Unlike wine drinkers, who generally need to open a bottle if they want to get into the good stuff, whiskey aficionados can go where their mood takes them. Luckily, whiskey-centric bartenders are skilled matchmakers, adept at, say converting a drinker from bourbon to rye with a bottling that balances assertive pepper with sweeter spice or uncovering a single-malt whisky with just the right touch of smoke for a stormy evening.
So whether you’re a whiskey newbie or an old pro, consider heading to one of these establishments, where choices abound and there’s always something new to taste.
Parlour Room, New York, New York
Dark wood, tufted leather, and sumptuous velvet evoke a turn-of-the-century supper club at this Herald Square establishment, where signature cocktails with names like The Raven and The Gatsby Royale were inspired by classic literature, and heritage cocktails are created using vintage recipes. Purists can choose their dram from a collection of more than 500 bottles of whiskey, or partake in one of nine themed flights — a bourbon versus rye smackdown and the chance to taste four rare bottlings from around the world — each curated by beverage director (and former sommelier) David Orellana. Don’t miss the aged Scotch experience, which offers sips of 25- and 26-year beauties or the chance to sample Bruichladdich’s unpeated Black Art series.

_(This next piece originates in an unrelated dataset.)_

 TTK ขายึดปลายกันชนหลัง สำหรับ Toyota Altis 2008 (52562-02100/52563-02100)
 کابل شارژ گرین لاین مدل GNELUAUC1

Old Elk Distillery, Fort Collins, Colorado
If you find yourself drawn to craft beer and grower Champagne, consider making a trip to Fort Collins, Colorado, where Old Elk Distillery is using an exceptionally slow distillation process to fashion craft whiskeys that overflow with subtle flavors and aromas. It’s easy to see why: Old Elk’s Master Distiller is Greg Metze, who, in a previous life, is said to have overseen the creation of iconic whiskies for Bulleit, Angel’s Envy, and George Dickel. Tastings are available at the Reserve, Old Elk’s in-town tasting room, but the real fun is at the distillery, where guests looking to invest in their own barrel can sample an 8-year Signature High-Malt Whiskey, 7-year Wheat Whiskey, 7-year Sour Mash, 6-year Rye Whiskey, and a newly available Martinique Rum Cask Finish Rye Whiskey.

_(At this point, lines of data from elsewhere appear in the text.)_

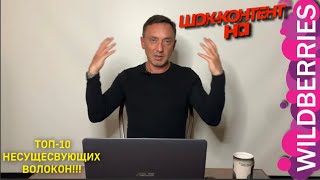 SHOCK CONTENT!!! TOP 10 NON-EXISTENT FIBERS ON WILDBERRIES!!! screenshot 5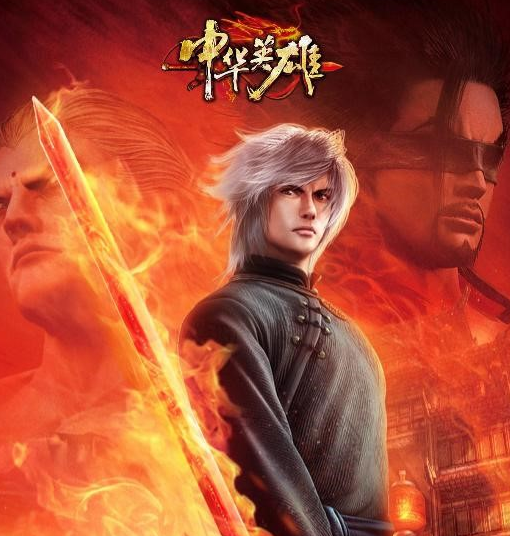 华英雄（马荣成漫画《中华英雄》中的主角人物）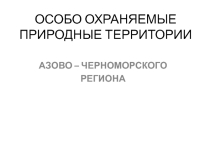 Природные охраняемые территории Крыма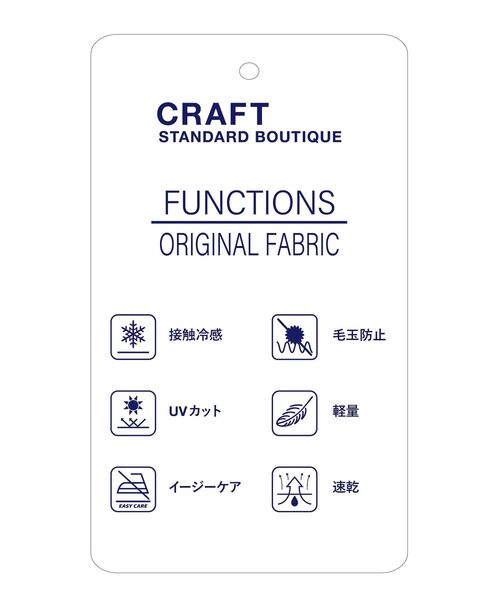 CRAFT STANDARD BOUTIQUE（クラフトスタンダードブティック）の「接触冷感/UVカット/速乾性 ハニカムメッシュゲームトップ【ユニセックス】（Tシャツ/カットソー・レディース・オフホワイト/ブラック・S/M/L）」の5枚目の写真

Delmonico Steakhouse, Las Vegas, Nevada
Whiskey lovers will hit the jackpot at Delmonico’s, a steakhouse that ups the ante with more than 700 bottlings. Delmonico’s began building its extensive library in 2010; since then, rare and special-label bottles that include Pappy Van Winkle 13-year Rye, Talisker 30-year Ardbeg Supernova, Jura 35-year and Chivas Regal 62 Gun Salute, have been added. Special tastings or whiskey dinners can be arranged for the Chef’s Table, or just sidle up to the bar and order the signature Strip View cocktail, an enticing blend of exclusive W.L. Weller Antique 107 Single Barrel Select bourbon (which was matured for eight years and four months at the Buffalo Trace Distillery in Kentucky), sweet vermouth, and Yellow Chartreuse.
Eight Row Flint, Houston, Texas
Don’t let the casual vibe of these bars fool you — thanks to owner Morgan Weber’s passion for spirits, serious whiskey is being poured here. The legendary bottle collection includes 15-year-old Barrell Bourbon, Michter’s single barrel 10-year rye and Hochstadter’s 18-year Lock, Stock and Barrel; there are also several exclusive single-barrel whiskies, look out for the WhistlePig Bull’s Eye, which was aged for 18 years in in Madeira, Sauternes, and Port casks. Perhaps best of all, half pours are available.

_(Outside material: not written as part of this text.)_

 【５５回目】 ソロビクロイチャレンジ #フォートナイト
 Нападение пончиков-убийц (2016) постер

WhistlePig Pavilion, Stowe, Vermont
Open for après ski and summer sipping, this enchanting indoor/outdoor space and concert venue at Spruce Peak Resort focuses on WhistlePig, the highly regarded rye whiskey made just up the road in Quechee. Fun libations by bar manager Katie Thompson abound, including a hot buttered rye in the winter and a blueberry julep when the weather warms, but you can also go neat, perhaps with a dram of Beholden, WhistlePig’s just-released 21-year-old single malt whiskey.
The Next Whisky Bar, Washington, D.C.
You might come to The Next Whisky Bar for the design — the dramatic space is highlighted by a sinuous wall of 2,500 custom whiskey bottles and voluptuous cherry-red chairs — but you’ll stay for the whiskey, more than 280 in all, from around the world. The fact that the bar is located within the infamous walls of the Watergate Hotel only adds to the intrigue.